SparkFun Forums

[jonathan.slenders]

Hi all,

Currently I'm working on a hobby project where I'm trying to build an accellerometer, xbee, 8 RGB leds, and li-po cell into a juggling ball.
With a lot of creativity, I want to get some special light effects, by using the accellero data. We know when a juggling ball is in the air when there's no gravity measured.

I really have a lot of ideas, but one for which I've already written the code and works, is this one:
- Suppose you have a good juggler who's able to throw every ball the same height. Then, on every throw, the balls go invisible up. And they fade in blue when they are going down.

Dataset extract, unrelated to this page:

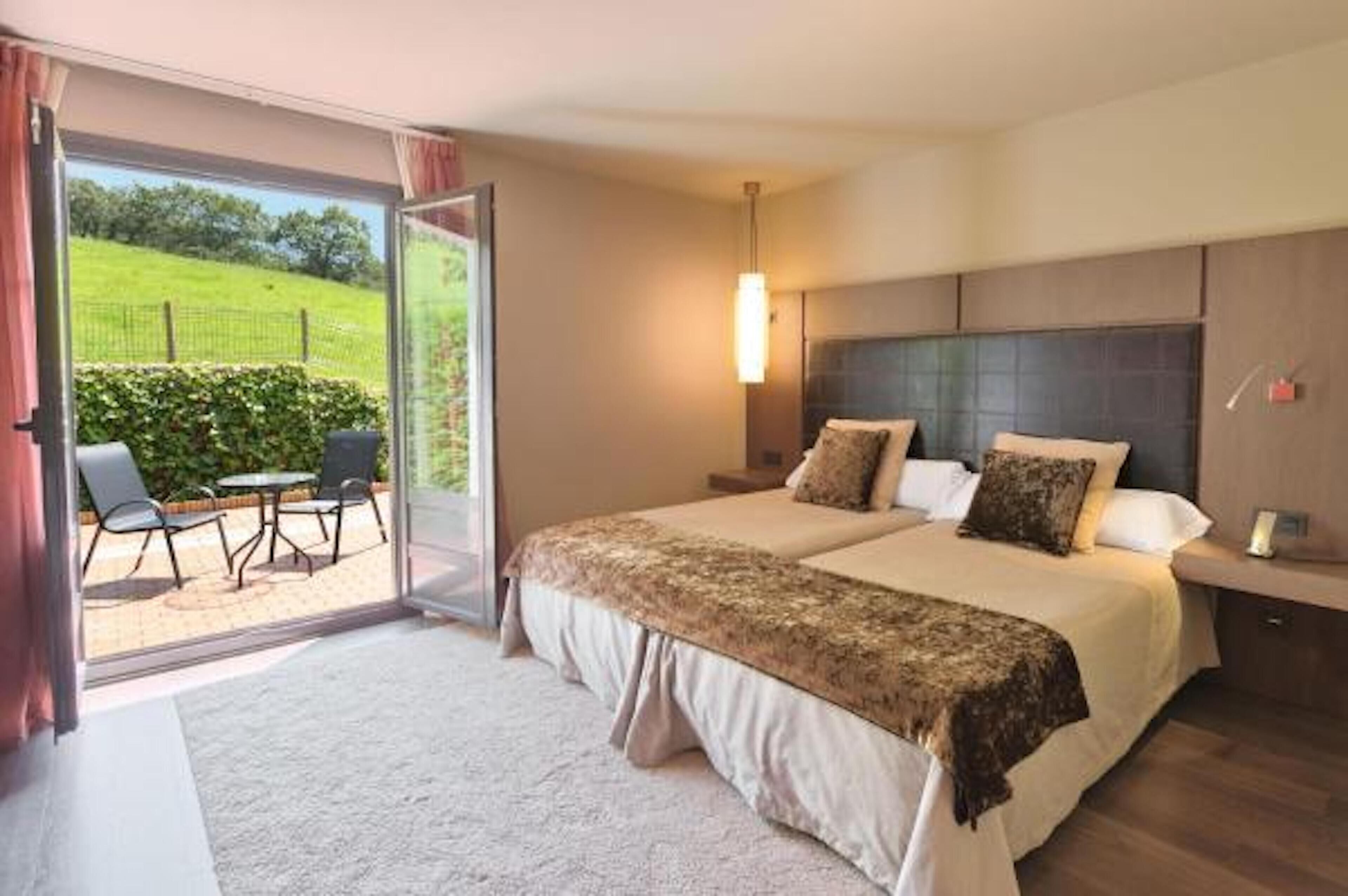 A double bed with a headboard, a bedside table, and a lamp. There is a sliding glass door leading to an outdoor seating area with a table and chairs.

At the catch they light up white, a computer speaker sounds "splatch", and the ball turns invisible again. Now image this effect with three or four balls, or even several jugglers, stereo effects, etc...
It's like simulating a "rain" effect.

The PCB design and schematics are almost ready, the only question I still have is which xbee fits the best.

- How would the movement of a balls impact the reception of the Xbee. I know there is a doppler-effect, but after all, the balls are not moving extremely fast, just the earths gravity on a maximum of 3 or 4 meter height.
- How does the rotation of the balls impact the reception. What if an Xbee is caught upside-down?
- Which series (1 or 2) should I choose? I think this is point-to-multipoint or broadcast. (one computer with usb-attached xbee, and maybe 14 juggling balls all having their own xbee.)
- Do you think the 1mW is sufficient? It's mainly for indoor juggling. Take an average podium/stage size (5x5 meters), and the computer which controls everything at the edge.
- Is the chip antenna okay?
- Does a 60mW xbee for the computer, in broadcast mode, cause better reception, even if the balls itself have only a 1mW xbee?


And a second question:
- Does anyone here have experience with trilateration, for determining the position using Xbee signal strength. It'd be great if we can have the balls light up blue for one juggler, red for the other, and when they are passing balls, they change to their own color. (I wanted to use an RFID reader for this first, but it turned out to be rather expensive...)


Thanks for any help. If I were to build only 1 ball, I'd take a pro-version, but for this much juggling balls, I hope the 1mW is sufficient, and saves the battery.


Jonathan

[mechG]

Just curious - have you tested this yet? When in free-fall, how do you tell if the ball is going up, versus going down, if there is no gravity measured?

[jonathan.slenders]

When in free-fall, how do you tell if the ball is going up, versus going down, if there is no gravity measured?

You are right, we can't know for sure. And therefore, for those effects where the top position is needed, we supposed that the juggler is able to throw every ball at the same height. (not that difficult.) We can measure the duration of the last throw, devide it by two and start a timer every time the ball leaves the hand.

btw. I have a working prototype, yes. (but still without wireless.)

[StigOE]

Just curious - have you tested this yet? When in free-fall, how do you tell if the ball is going up, versus going down, if there is no gravity measured?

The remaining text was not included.